Give back exactly the lines from the one that holds "view of property exterior featuring a yard" through the final line of the data; omit the pictures and add nothing.

------------

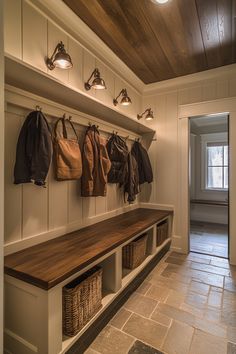 a wooden bench sitting next to a wall filled with purses and coats on hooks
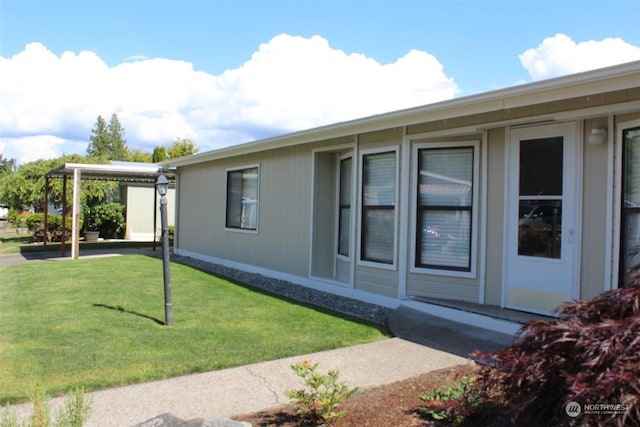 view of property exterior featuring a yard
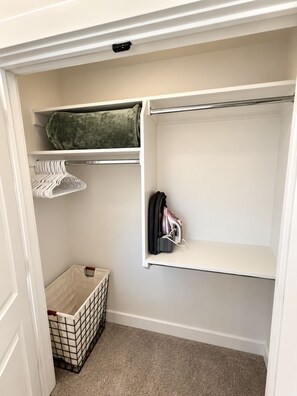 Un vestidor con repisas, espacio para colgar ropa y un contenedor de almacenamiento.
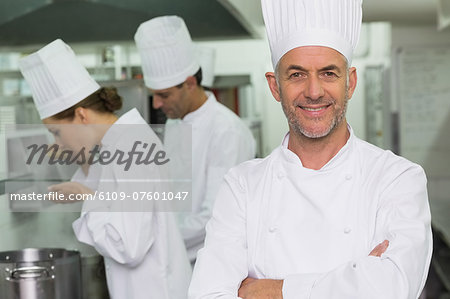 Happy chef looking at camera with team working behind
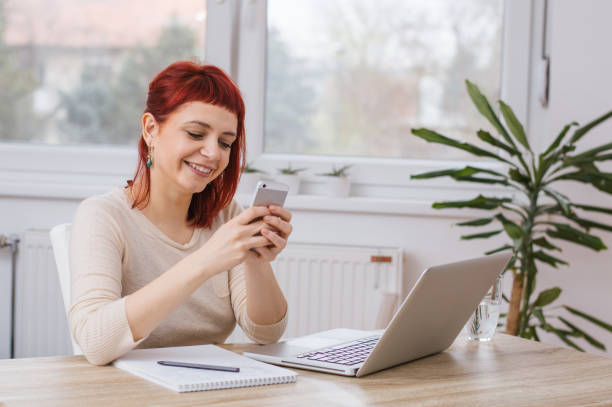 istock Young woman reading messages on the phone 813246464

------------

▸ **Problem solution**:
 view of property exterior featuring a yard
 Un vestidor con repisas, espacio para colgar ropa y un contenedor de almacenamiento.
 Happy chef looking at camera with team working behind
 istock Young woman reading messages on the phone 813246464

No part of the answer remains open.